All of lore.kernel.org
 help / color / mirror / Atom feed
From: Mike Kravetz <mike.kravetz@oracle.com>
To: Oscar Salvador <osalvador@suse.de>,
	Andrew Morton <akpm@linux-foundation.org>
Cc: Vlastimil Babka <vbabka@suse.cz>,
	David Hildenbrand <david@redhat.com>,
	Michal Hocko <mhocko@kernel.org>,
	Muchun Song <songmuchun@bytedance.com>,
	linux-mm@kvack.org, linux-kernel@vger.kernel.org
Subject: Re: [PATCH v7 5/7] mm: Make alloc_contig_range handle free hugetlb pages
Date: Tue, 13 Apr 2021 15:29:02 -0700	[thread overview]
Message-ID: <338f73f5-cff6-61c1-5252-01d9b30be627@oracle.com> (raw)
In-Reply-To: <20210413104747.12177-6-osalvador@suse.de>

On 4/13/21 3:47 AM, Oscar Salvador wrote:
> alloc_contig_range will fail if it ever sees a HugeTLB page within the
> range we are trying to allocate, even when that page is free and can be
> easily reallocated.
> This has proved to be problematic for some users of alloc_contic_range,
> e.g: CMA and virtio-mem, where those would fail the call even when those
> pages lay in ZONE_MOVABLE and are free.
> 
> We can do better by trying to replace such page.
> 
> Free hugepages are tricky to handle so as to no userspace application
> notices disruption, we need to replace the current free hugepage with
> a new one.
> 
> In order to do that, a new function called alloc_and_dissolve_huge_page
> is introduced.
> This function will first try to get a new fresh hugepage, and if it
> succeeds, it will replace the old one in the free hugepage pool.
> 
> The free page replacement is done under hugetlb_lock, so no external
> users of hugetlb will notice the change.
> To allocate the new huge page, we use alloc_buddy_huge_page(), so we
> do not have to deal with any counters, and prep_new_huge_page() is not
> called.
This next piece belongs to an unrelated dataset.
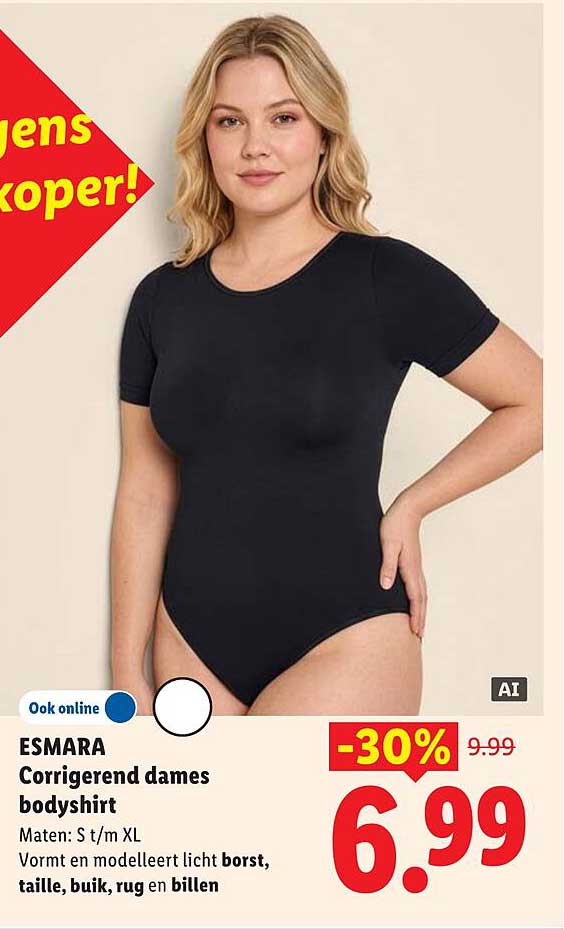 ESMARA Corrigerend dames bodyshirt -30%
This is valulable because in case we need to free the new page,
> we only need to call __free_pages().
> 
> Once we know that the page to be replaced is a genuine 0-refcounted
> huge page, we remove the old page from the freelist by remove_hugetlb_page().
> Then, we can call __prep_new_huge_page() and __prep_account_new_huge_page()
> for the new huge page to properly initialize it and increment the
> hstate->nr_huge_pages counter (previously decremented by
> remove_hugetlb_page()).
> Once done, the page is enqueued by enqueue_huge_page() and it is ready
> to be used.
> 
> There is one tricky case when
> page's refcount is 0 because it is in the process of being released.
> A missing PageHugeFreed bit will tell us that freeing is in flight so
> we retry after dropping the hugetlb_lock. The race window should be
> small and the next retry should make a forward progress.
> 
> E.g:
> 
> CPU0				CPU1
> free_huge_page()		isolate_or_dissolve_huge_page
> 				  PageHuge() == T
> 				  alloc_and_dissolve_huge_page
> 				    alloc_buddy_huge_page()
> 				    spin_lock_irq(hugetlb_lock)
> 				    // PageHuge() && !PageHugeFreed &&
> 				    // !PageCount()
> 				    spin_unlock_irq(hugetlb_lock)
>   spin_lock_irq(hugetlb_lock)
>   1) update_and_free_page
>        PageHuge() == F
>        __free_pages()
>   2) enqueue_huge_page
>        SetPageHugeFreed()
>   spin_unlock(&hugetlb_lock)

Very small nit, the above should be spin_unlock_irq(&hugetlb_lock)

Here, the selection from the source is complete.